The task: In the entries that follow, find the line containing "Cropped Hem Belt", then output exactly every line from the first through that one.
Top of Dataset entries
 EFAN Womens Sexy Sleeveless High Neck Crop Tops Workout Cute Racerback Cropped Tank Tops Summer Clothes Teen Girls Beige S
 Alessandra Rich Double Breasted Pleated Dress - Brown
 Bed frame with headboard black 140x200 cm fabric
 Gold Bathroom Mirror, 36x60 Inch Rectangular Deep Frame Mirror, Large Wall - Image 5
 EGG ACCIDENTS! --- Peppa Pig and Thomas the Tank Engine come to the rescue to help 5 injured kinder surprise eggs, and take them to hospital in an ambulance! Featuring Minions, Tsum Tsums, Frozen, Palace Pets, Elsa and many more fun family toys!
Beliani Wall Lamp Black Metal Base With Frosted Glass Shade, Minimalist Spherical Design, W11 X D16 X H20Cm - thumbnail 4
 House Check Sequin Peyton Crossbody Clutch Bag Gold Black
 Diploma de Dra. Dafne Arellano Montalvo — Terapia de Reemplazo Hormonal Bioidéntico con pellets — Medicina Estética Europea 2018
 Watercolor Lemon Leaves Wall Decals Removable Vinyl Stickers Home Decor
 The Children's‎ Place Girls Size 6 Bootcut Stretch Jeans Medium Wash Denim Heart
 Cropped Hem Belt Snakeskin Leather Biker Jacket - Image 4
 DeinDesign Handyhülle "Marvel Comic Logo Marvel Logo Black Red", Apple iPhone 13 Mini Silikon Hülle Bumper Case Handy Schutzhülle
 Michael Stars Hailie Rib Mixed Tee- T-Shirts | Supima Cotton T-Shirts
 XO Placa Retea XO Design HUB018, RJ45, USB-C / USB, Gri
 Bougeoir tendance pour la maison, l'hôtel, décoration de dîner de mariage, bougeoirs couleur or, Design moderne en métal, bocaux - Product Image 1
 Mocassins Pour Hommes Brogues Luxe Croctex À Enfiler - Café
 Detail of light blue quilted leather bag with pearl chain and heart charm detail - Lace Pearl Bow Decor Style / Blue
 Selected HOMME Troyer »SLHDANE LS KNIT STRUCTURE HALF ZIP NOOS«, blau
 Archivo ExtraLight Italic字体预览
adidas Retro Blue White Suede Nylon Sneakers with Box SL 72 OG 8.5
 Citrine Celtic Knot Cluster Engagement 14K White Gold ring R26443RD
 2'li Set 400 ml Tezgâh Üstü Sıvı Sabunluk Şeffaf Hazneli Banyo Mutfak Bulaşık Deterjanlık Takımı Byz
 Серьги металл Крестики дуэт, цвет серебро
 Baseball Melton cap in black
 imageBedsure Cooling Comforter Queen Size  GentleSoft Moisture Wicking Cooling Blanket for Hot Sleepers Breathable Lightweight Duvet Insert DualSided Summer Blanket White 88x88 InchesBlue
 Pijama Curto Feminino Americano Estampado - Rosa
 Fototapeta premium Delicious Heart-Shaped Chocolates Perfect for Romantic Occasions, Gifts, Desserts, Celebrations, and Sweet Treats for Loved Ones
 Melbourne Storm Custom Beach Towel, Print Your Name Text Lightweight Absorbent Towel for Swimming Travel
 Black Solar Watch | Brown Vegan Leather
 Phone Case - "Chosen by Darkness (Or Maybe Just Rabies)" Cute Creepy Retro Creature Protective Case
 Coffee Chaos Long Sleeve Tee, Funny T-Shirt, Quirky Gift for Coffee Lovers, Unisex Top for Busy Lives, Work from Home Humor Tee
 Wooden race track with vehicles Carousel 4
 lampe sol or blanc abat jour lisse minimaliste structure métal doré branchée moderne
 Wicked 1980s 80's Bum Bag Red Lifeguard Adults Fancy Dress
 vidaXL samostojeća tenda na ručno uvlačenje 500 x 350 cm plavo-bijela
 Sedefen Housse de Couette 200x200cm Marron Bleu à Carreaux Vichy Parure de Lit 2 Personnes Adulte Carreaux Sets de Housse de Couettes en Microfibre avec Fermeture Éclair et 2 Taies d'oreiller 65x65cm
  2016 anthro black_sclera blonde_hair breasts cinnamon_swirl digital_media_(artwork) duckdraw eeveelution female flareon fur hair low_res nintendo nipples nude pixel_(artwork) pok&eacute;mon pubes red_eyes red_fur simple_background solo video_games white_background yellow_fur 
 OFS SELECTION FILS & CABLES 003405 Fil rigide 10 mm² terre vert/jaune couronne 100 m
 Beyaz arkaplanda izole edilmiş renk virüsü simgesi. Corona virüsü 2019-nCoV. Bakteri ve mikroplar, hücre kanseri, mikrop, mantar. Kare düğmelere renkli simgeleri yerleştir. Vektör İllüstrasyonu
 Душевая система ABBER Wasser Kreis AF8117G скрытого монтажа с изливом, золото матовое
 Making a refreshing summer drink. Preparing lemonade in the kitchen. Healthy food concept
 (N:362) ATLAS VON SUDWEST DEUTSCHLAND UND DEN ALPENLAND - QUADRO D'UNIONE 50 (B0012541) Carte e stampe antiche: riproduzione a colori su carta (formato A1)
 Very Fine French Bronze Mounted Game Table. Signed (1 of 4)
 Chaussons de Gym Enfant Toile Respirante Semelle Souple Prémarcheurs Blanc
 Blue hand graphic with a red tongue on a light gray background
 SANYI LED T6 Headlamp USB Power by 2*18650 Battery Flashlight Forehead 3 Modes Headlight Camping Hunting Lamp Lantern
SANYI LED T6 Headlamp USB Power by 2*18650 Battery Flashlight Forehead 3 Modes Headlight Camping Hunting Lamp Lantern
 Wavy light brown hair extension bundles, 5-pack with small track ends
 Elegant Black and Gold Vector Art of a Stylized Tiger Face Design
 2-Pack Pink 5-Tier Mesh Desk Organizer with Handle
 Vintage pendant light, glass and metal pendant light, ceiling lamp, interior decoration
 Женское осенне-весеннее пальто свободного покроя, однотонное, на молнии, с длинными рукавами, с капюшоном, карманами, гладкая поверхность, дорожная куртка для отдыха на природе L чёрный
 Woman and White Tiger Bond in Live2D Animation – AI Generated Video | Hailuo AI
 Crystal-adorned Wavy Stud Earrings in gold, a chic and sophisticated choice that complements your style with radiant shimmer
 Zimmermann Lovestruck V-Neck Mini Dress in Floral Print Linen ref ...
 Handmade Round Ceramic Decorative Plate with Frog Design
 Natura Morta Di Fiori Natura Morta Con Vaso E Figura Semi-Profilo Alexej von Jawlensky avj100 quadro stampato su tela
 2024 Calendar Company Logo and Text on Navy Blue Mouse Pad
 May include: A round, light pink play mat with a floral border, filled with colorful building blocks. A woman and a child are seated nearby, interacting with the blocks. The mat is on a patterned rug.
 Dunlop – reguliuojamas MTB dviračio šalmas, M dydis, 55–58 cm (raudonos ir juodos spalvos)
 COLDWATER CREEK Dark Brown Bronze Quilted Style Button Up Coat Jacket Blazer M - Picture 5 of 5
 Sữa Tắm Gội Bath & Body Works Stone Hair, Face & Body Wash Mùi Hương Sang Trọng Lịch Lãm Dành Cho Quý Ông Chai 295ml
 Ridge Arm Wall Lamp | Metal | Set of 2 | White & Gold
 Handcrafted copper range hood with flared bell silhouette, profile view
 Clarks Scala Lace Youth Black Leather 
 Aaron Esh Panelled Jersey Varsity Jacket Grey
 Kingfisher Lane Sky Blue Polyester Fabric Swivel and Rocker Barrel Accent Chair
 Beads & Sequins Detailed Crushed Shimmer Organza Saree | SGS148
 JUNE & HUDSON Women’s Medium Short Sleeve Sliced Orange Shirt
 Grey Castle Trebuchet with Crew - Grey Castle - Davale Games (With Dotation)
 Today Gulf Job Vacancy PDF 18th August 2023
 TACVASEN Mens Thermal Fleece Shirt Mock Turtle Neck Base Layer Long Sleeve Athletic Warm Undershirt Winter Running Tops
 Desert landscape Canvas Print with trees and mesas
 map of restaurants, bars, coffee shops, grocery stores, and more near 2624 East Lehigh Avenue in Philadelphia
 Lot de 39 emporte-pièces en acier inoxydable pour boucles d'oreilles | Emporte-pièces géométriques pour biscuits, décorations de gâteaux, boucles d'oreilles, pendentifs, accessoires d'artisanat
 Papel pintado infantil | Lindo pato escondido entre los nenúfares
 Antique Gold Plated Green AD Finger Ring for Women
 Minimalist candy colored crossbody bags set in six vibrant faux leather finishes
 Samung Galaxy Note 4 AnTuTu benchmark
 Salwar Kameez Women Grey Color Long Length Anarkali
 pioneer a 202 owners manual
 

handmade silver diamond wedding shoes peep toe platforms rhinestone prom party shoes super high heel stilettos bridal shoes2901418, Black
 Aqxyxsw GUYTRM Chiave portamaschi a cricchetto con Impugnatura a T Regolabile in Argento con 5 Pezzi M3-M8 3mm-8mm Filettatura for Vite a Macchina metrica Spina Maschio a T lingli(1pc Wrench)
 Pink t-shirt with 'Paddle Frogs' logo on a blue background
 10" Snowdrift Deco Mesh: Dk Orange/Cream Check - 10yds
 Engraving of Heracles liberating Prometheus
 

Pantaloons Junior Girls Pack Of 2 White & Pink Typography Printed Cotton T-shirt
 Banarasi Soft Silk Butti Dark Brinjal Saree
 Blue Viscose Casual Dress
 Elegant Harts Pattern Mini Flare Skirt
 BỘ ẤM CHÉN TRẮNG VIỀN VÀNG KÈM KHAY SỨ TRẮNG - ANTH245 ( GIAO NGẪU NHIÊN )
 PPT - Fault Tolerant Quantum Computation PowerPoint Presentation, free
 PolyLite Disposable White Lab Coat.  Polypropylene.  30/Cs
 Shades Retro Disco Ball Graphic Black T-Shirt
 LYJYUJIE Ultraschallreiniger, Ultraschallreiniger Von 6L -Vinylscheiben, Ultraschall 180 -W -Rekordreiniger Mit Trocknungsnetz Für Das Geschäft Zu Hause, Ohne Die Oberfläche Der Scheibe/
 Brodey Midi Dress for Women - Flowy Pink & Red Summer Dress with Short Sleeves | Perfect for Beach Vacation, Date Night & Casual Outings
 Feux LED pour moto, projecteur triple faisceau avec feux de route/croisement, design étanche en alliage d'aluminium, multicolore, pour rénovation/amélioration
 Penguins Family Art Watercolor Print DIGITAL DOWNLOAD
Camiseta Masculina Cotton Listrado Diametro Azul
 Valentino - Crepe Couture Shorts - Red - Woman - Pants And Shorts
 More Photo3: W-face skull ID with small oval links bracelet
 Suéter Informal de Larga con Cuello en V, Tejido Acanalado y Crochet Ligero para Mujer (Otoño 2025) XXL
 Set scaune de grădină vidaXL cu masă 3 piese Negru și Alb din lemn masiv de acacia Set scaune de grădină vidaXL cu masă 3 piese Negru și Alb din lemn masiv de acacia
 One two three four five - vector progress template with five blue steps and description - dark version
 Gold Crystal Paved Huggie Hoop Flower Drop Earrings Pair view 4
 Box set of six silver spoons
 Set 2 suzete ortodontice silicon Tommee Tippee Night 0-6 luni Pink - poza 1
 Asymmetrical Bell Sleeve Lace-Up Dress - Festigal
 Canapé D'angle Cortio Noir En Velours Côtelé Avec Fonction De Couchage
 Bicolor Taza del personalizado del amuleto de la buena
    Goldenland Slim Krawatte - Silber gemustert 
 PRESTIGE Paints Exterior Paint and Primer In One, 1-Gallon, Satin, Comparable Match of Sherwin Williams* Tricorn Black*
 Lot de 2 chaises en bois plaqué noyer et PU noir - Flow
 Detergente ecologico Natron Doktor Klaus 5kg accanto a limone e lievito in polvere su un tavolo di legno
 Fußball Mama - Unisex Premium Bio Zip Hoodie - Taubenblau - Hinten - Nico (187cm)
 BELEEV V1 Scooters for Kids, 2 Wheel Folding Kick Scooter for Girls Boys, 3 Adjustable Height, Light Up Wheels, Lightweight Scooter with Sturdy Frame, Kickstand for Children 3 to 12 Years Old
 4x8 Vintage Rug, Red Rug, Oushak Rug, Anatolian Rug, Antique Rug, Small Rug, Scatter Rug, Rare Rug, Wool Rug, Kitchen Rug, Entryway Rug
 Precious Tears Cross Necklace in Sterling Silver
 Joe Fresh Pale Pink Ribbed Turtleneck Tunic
Bottom of Dataset entries
Exercise solution:
 EFAN Womens Sexy Sleeveless High Neck Crop Tops Workout Cute Racerback Cropped Tank Tops Summer Clothes Teen Girls Beige S
 Alessandra Rich Double Breasted Pleated Dress - Brown
 Bed frame with headboard black 140x200 cm fabric
 Gold Bathroom Mirror, 36x60 Inch Rectangular Deep Frame Mirror, Large Wall - Image 5
 EGG ACCIDENTS! --- Peppa Pig and Thomas the Tank Engine come to the rescue to help 5 injured kinder surprise eggs, and take them to hospital in an ambulance! Featuring Minions, Tsum Tsums, Frozen, Palace Pets, Elsa and many more fun family toys!
Beliani Wall Lamp Black Metal Base With Frosted Glass Shade, Minimalist Spherical Design, W11 X D16 X H20Cm - thumbnail 4
 House Check Sequin Peyton Crossbody Clutch Bag Gold Black
 Diploma de Dra. Dafne Arellano Montalvo — Terapia de Reemplazo Hormonal Bioidéntico con pellets — Medicina Estética Europea 2018
 Watercolor Lemon Leaves Wall Decals Removable Vinyl Stickers Home Decor
 The Children's‎ Place Girls Size 6 Bootcut Stretch Jeans Medium Wash Denim Heart
 Cropped Hem Belt Snakeskin Leather Biker Jacket - Image 4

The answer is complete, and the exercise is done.